6-2
魔族が攻めてきた。
敵は、魔族の重装歩兵3000人。
それに対して、味方は一万人。再び、味方の方が兵数でまさる戦いである。だが、油断はできない。敵は魔族だ。どんな強敵が混じっているのかわからない。
「イージニー」
「はい」
「籠るぞ、いいな」
「異議なしです」
クラップとイージニーは手短なやり取りで作戦を決めた。
魔法の城となったボロックは、通常では理解できない原理で作られたさまざまな仕掛けをもつ城となっていた。

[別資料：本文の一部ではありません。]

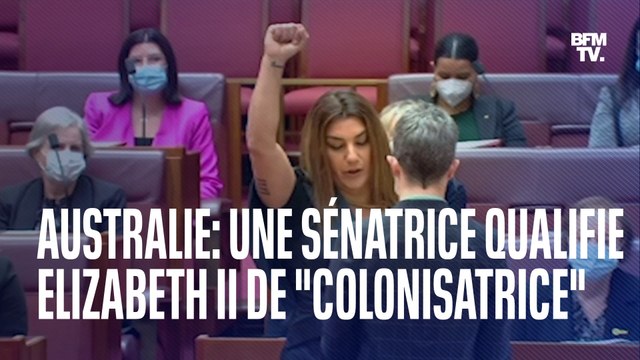 Une sénatrice australienne prête serment en qualifiant Elizabeth II de colonisatrice
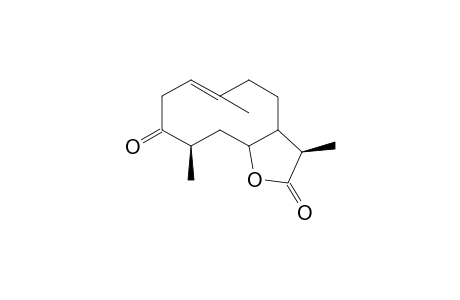 3,8-Dioxo-2,7,11-trimethyl-4-oxabicyclo[8.3.0]tridec-10-ene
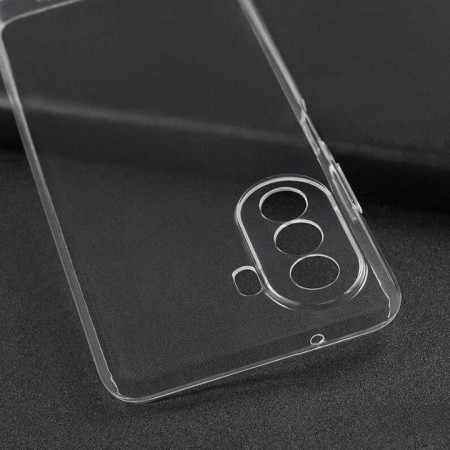 Husa de protectie pentru Huawei Nova Y70, Flippy, TPU Transparenta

今度の戦いでは、いくつもの異変が最初の頃からささやかれた。敵の重装歩兵が、殺されても生き返り、戦いつづけるのだ。敵兵が、殺されても殺されても蘇り、戦いつづける。
「敵には、ネクロマンサー・ドストエフスキーがついている。ドストエフスキーは、死んだ味方を生き返らせて、いつまでも戦いつづける。」
誰かがそれを知って、触れまわっている。
ネクロマンサーのいる重装歩兵団との戦いだ。これは苦戦するだろうと、クラップは考えた。

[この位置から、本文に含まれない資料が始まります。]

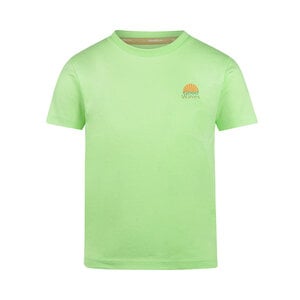 Koko Noko jongens T-shirt lichtgroen waves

そんな状況でも、よくない者によるロスの暗殺計画は進められていた。司令官の親友だというロスが気に食わないのだ。
ロスは三十個の銃を持って戦い方を工夫していたが、戦闘中に近づいてきた味方の剣の切っ先が自分に向いているのに気づいて、突かれた剣をぎりぎりでかわした。
「何するんだ、おまえ。魔族の味方か」
ロスは怒った。
(おまえには、死の兆候がある)と、朝、ネクロマンサーのトルストイがいっていた。これのことだろうか。いったい、なぜ、味方がおれを斬り殺しに来るんだ。ロスにはわからない。
剣を突き刺してきた男の仲間がみんな抜刀したのを見て、ロスはその場から逃げ出した。
こいつら、おれを殺そうとしている。ロスはそのことに気づいた。
味方に殺されるのか、おれは。ロスは愕然となった。
味方に殺される。味方に殺される。
ロスは、思い切って、城外へ出て逃げた。
五人のよくない者たちは、しめたとばかりに、ロスを囲んで、城外でロスを斬り殺した。
バカな。いったいなぜこんなことに。ロスはなぜ自分が味方に殺されたのかわからなかった。
ちくしょう。ちくしょう。ロスは意識が消えそうになりながら、心の中で叫んだ。
「クラップ、気を付けろ。戦場にはどんなやつがいるのかわからねえ。」
それがロスの最後のことばとなった。
ロスが死んだことを確認すると、五人のよくない者たちは城の中へ引き上げていった。
しかし、そこに、それを待っていたかのように都合よく、ネクロマンサー・トルストイがやってきた。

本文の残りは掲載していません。